Zuma ? zaâma, il ose !

Le gouvernement sudafricain de Jacob Zuma s’est lancé dans une entreprise courageuse que le Maroc devrait observer d’un oeil aussi concerné qu’attentif. Il s’agit de la mise en oeuvre du système BRT, un maillage de bus rapides - les fameux ReaVaya - qui permettra aux habitants de la province de Gauteng, qui englobe Johannesburg et Pretoria, de se rendre en toute sécurité de leurs townships vers leurs lieux de travail. Jusqu’à présent, ces liaisons biquotidiennes se faisaient grâce à une multitude de taxis collectifs, des minibus blancs de marque japonaise, d’un état souvent plus que discutable. A leur volant, des chauffeurs mercenaires, surexploités par les propriétaires des véhicules, affichant un mépris total du code de la route et donc de la sécurité des passagers. Ce secteur majoritairement informel et contrôlé par les noirs - un vieil héritage de l’apartheid – fonctionne comme une véritable mafia. Certains de ses dirigeants sont d’ailleurs membres de la pègre sud-africaine. L’initiative gouvernementale a bien évidemment suscité une opposition immédiate des syndicats de taxis qui ont usé de tous les moyens, même violents, de dissuasion. Le 27 août dernier, le gouverneur de la province, madame NomvulaMokonyane, s’est fort symboliquement rendu à la station de taxis d’Ellis Park, à l’est de Johannesburg et a fermement répété qu’aucun recours en justice, aucune intimidation n’arrêteraient le processus. Il faut dire qu’avec la perspective de l’organisation de la Coupe du Monde de football en 2010 et la nécessité d’offrir une alternative sécurisée aux nombreux touristes qui visiteront la région à cette occasion, aucune reculade ne semble possible.
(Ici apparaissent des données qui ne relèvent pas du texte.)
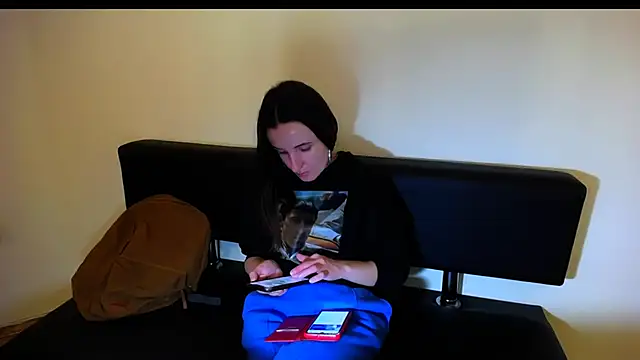 Snapshot of LaimaV_ chatting on December 2024 01:40:02 PM LaimaV online show from December 2024 01:40:02 PM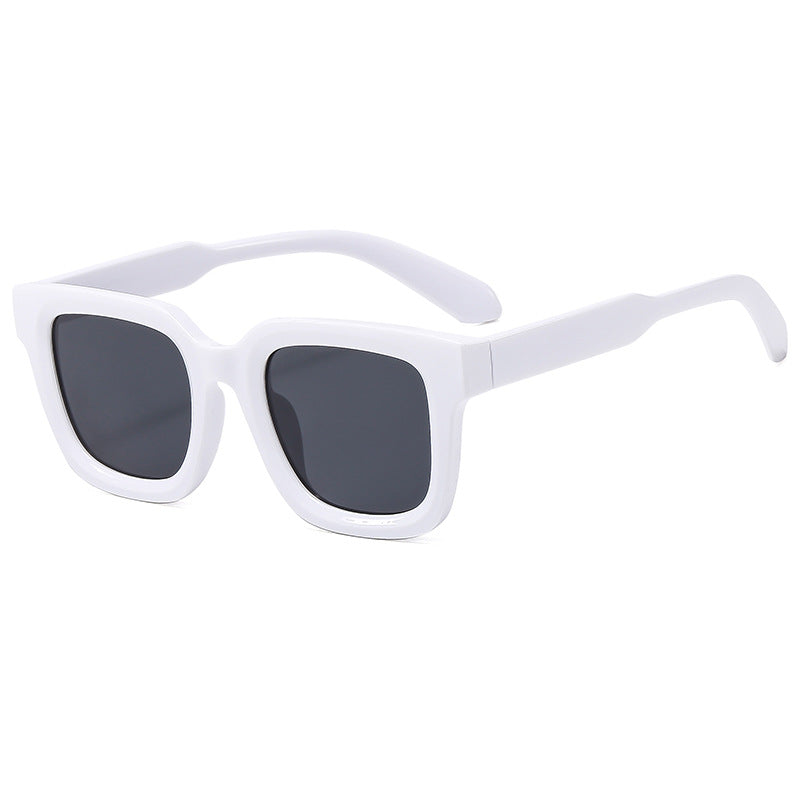 Damen modische Sonnenbrille im auffälligen Design Brehn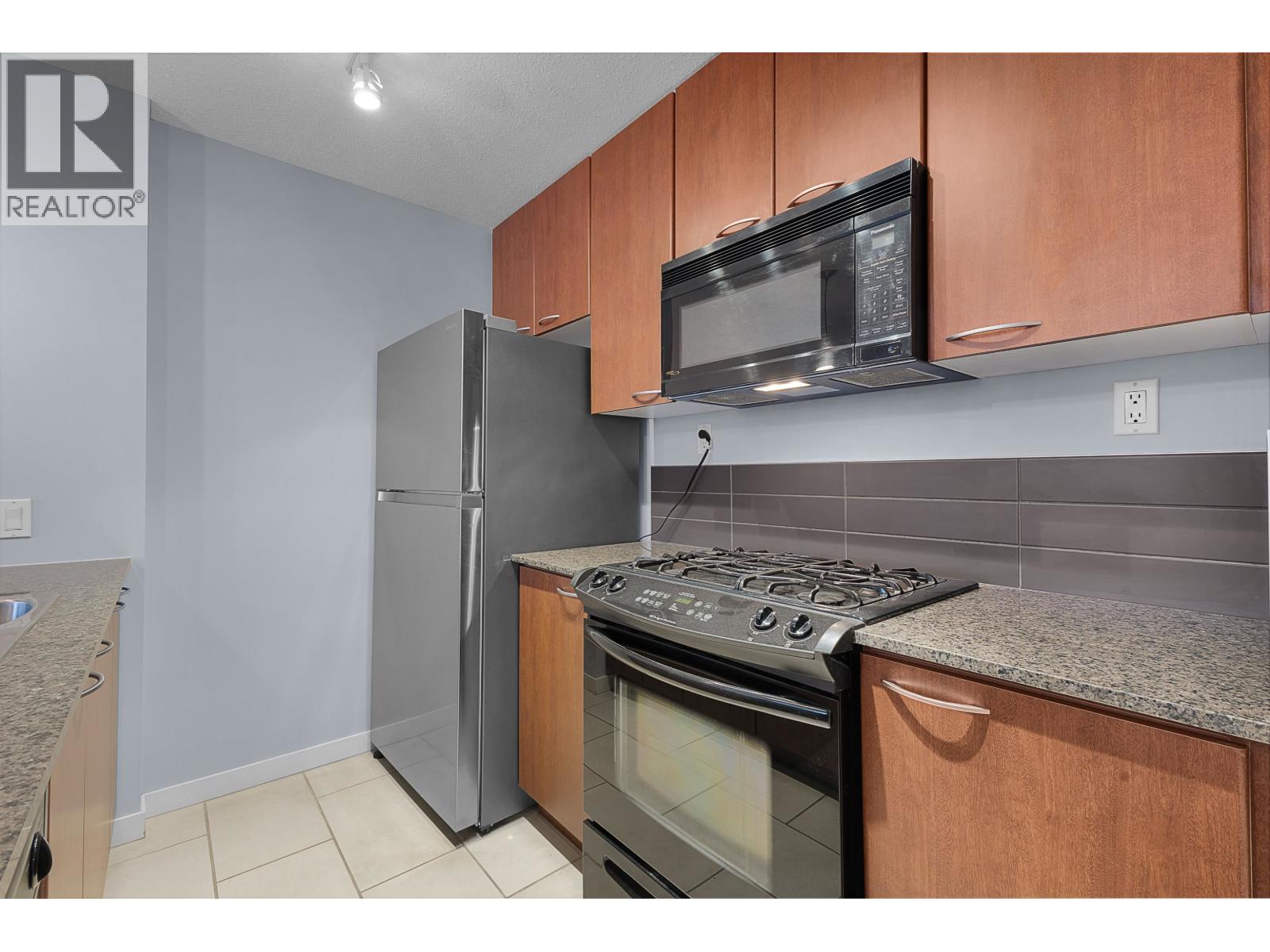 1108 7108 Collier Street, Burnaby, British Columbia  V5E 0A1 - Photo 11 - R3106499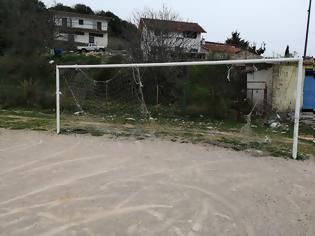 Φωτογραφία για Παρατημένο το γήπεδο στο χωριό ΤΡΥΦΟΣ Ξηρομέρου | ΦΩΤΟ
L’affrontement entre gouvernement et syndicats semble donc inévitable et les taxis-gangs ne manquent pas d’arguments : que vont devenir les milliers de conducteurs «salariés», acculés au chômage par la concurrence d’un service plus sûr et plus économique ? Les négriers de la route ont beau jeu d’évoquer le spectre du désastre social qui pourrait en découler. Et si personne n’est dupe de cette soudaine sollicitude pour leurs employés, tout le monde s’inquiète de cet afflux imminent de chômeurs en colère, sur fond de crise économique.
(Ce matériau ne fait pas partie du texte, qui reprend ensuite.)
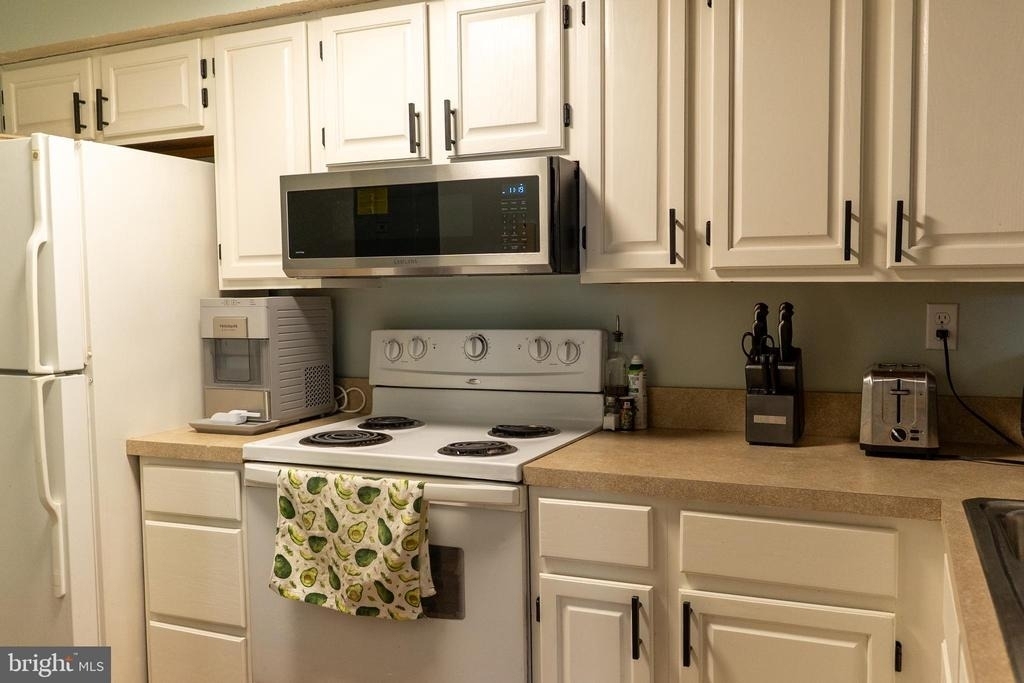 800 Stratford Way - Photo 1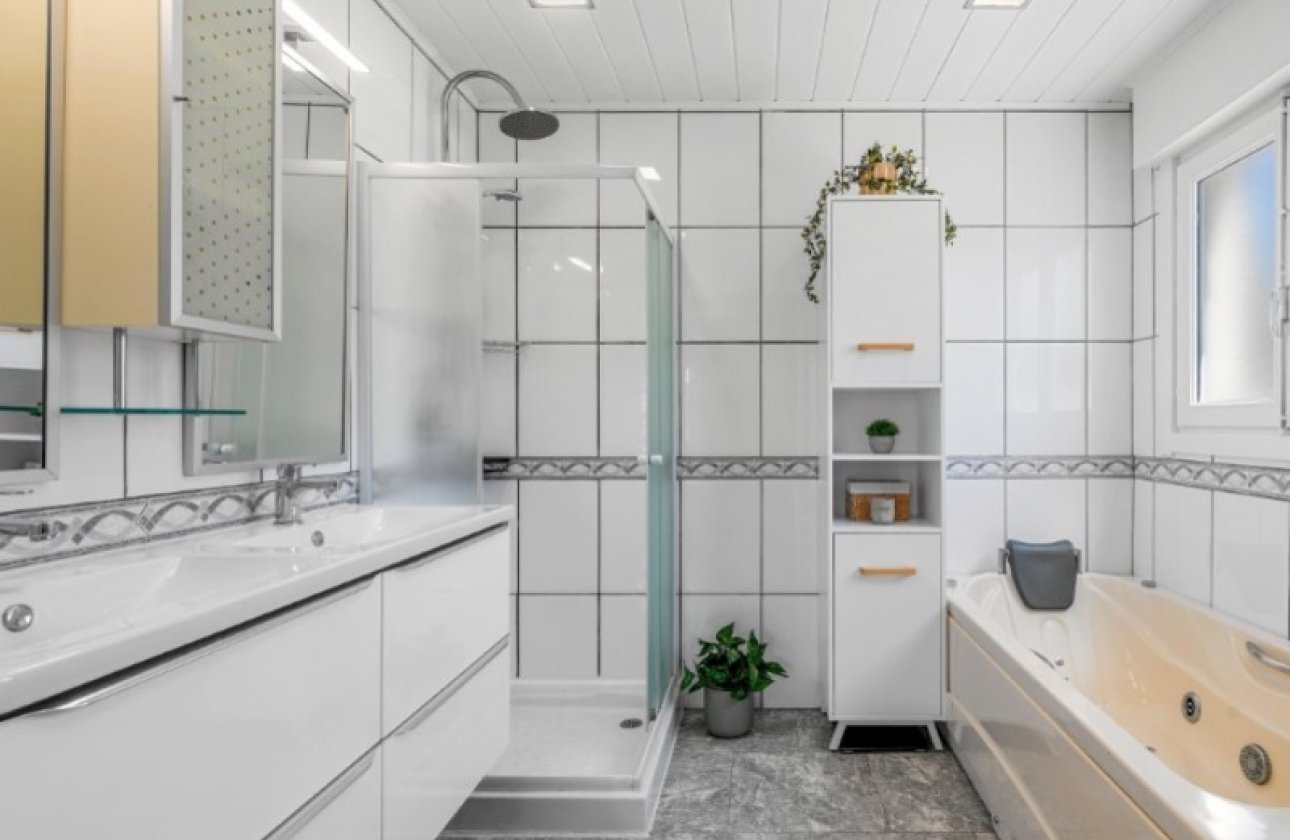 Herverkoop - Villa -
Rojales - Ciudad Quesada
Beaucoup de pays ont, par désintérêt, facilité, ou manque de moyens, délégué à l’égoïsme des initiatives individuelles et/ou corporatistes, la problématique si éminemment collective des transports en commun. Ils doivent maintenant gérer des situations comparables à celle de l’Afrique de Sud. L’expérience BRT sera donc signifiante bien au-delà des frontières de ce pays. Il devient en effet de plus en plus difficile à des Etats qui veulent être considérés comme modernes d’occulter indéfiniment les besoins de l’usager et sa sécurité. La réussite de la mutation de ce secteur économique passe, cela va sans dire, par des projets parfaitement ficelés techniquement, par une prise en compte des problèmes sociaux qui en découlent mais surtout, par un usage sans modération d’une qualité rare et pourtant si précieuse chez les gouvernants... le courage politique.